Dataset content —
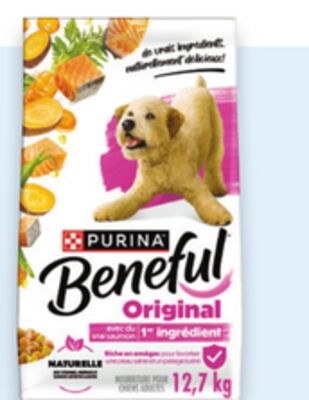 Nourriture sèche Beneful Original pour chiens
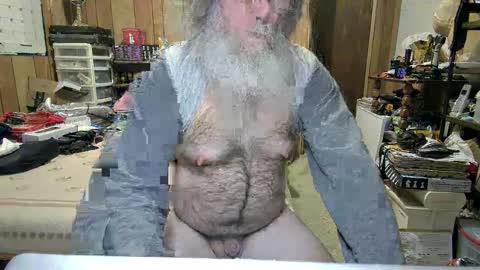 Dana online show from December 2024 04:35:02 AM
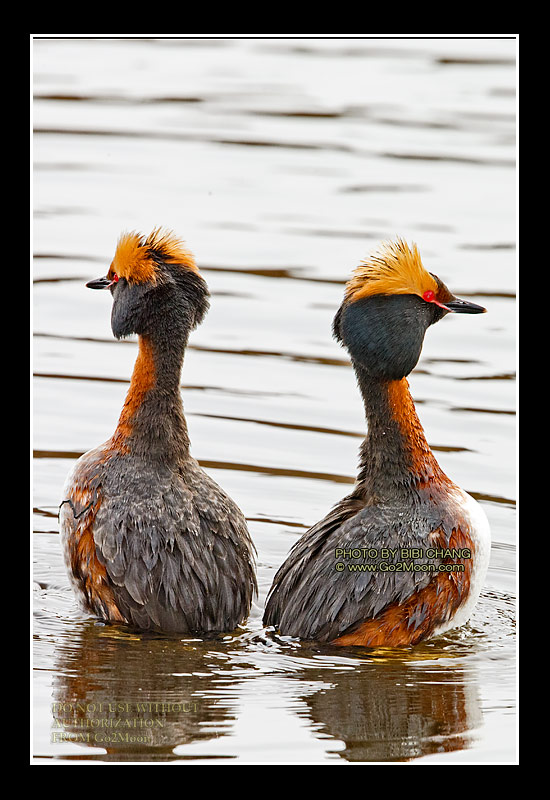 Horned Grebe Mating Dance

Exercise aim —
Repeat the material exactly and drop each image.

Exercise output —
 Nourriture sèche Beneful Original pour chiens
 Dana online show from December 2024 04:35:02 AM
 Horned Grebe Mating Dance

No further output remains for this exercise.